Du coup, je me demande si cette chronique n'est pas trop longue. Chères toutes et chers tous, je suis donc à l'écoute de votre opinion.

2 commentaires:

Pascale a dit…

Ce sont quand même des procédés audacieux et j'imagine que ces deux films "n'ont pas trouvé leur public" comme on dit élégamment...
Je me demande toujours comment les réalisateurs font pour se remettre de ces échecs. Y compris voire surtout financièrement.
Et forcément c'est un peu long.
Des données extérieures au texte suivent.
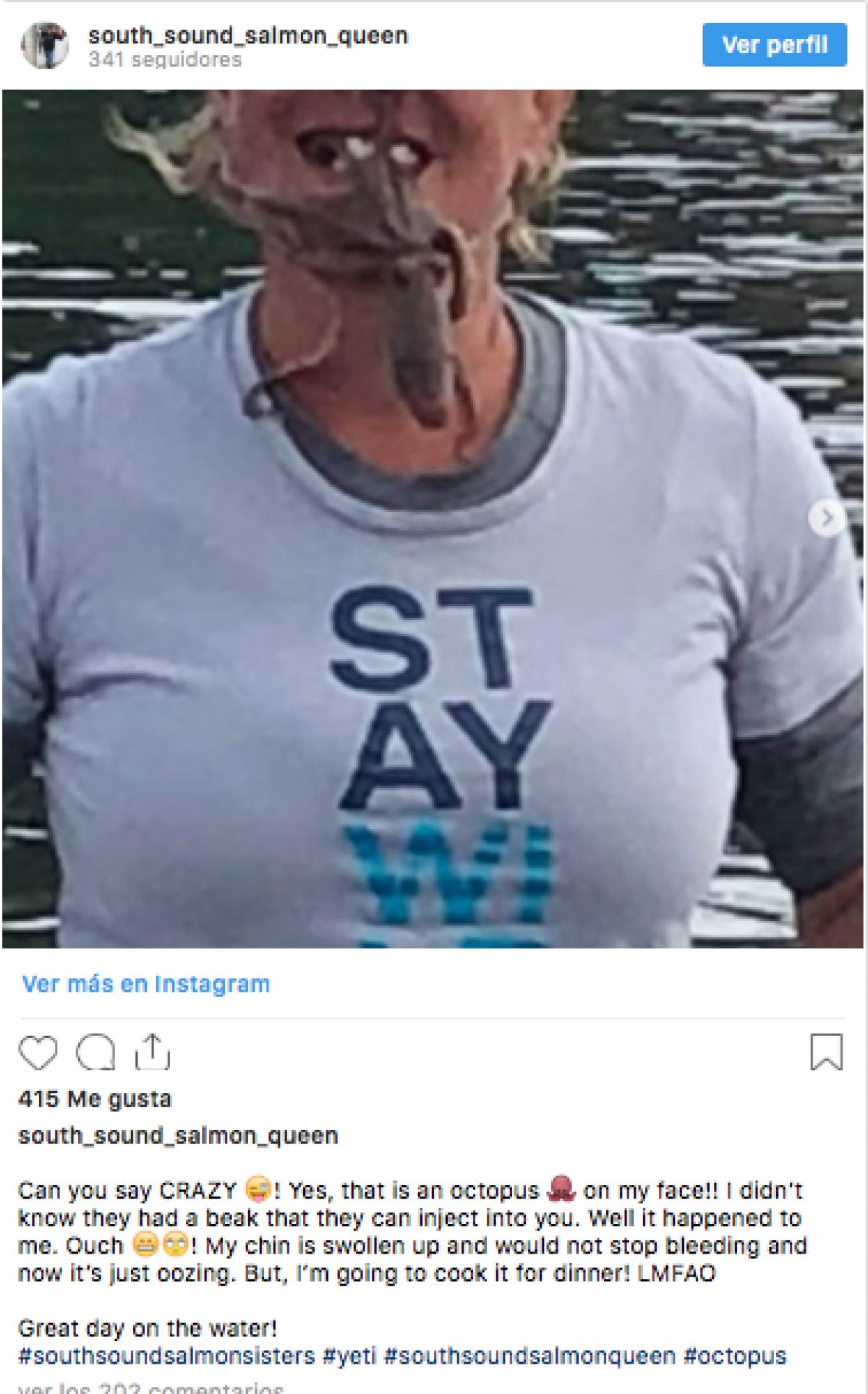 "¿Pueden decirme loca? Sí, es un pulpo en mi cara. No sabía que tenían un pico para inyectarte. Bueno, me pasó a mí. ¡Ouch! Mi mentón está hinchado y no paraba de sangrar. Ahora solo está supurando. ¡Pero voy a cocinarlo para la cena!", escribió Bisceglia en su cuenta de Instagram al compartir las fotografías previas al ataque.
Quand on assiste pas à ces rencontres c'est difficile de s'y intéresser vraiment.
Je dis ça en toute franchise, sans jugement et en connaissance de cause puisque les nombreux articles que je fais lors de mes festivals sur des films que personne ne voit (et pour cause, nombreux n'ont pas de distributeur) j'imagine que peu les lisent et s'y intéressent.

Martin a dit…

Certains aspects du premier film pourraient lui valoir un public élargi.
Le second, en revanche, me paraît trop pointu pour toucher des spectateurs non-cinéphiles.

C'est vrai que ma chronique est un peu longue, sans être pas forcément passionnante.
Je tenais toutefois à rendre compte de ces deux belles rencontres, au moins pour m'en souvenir.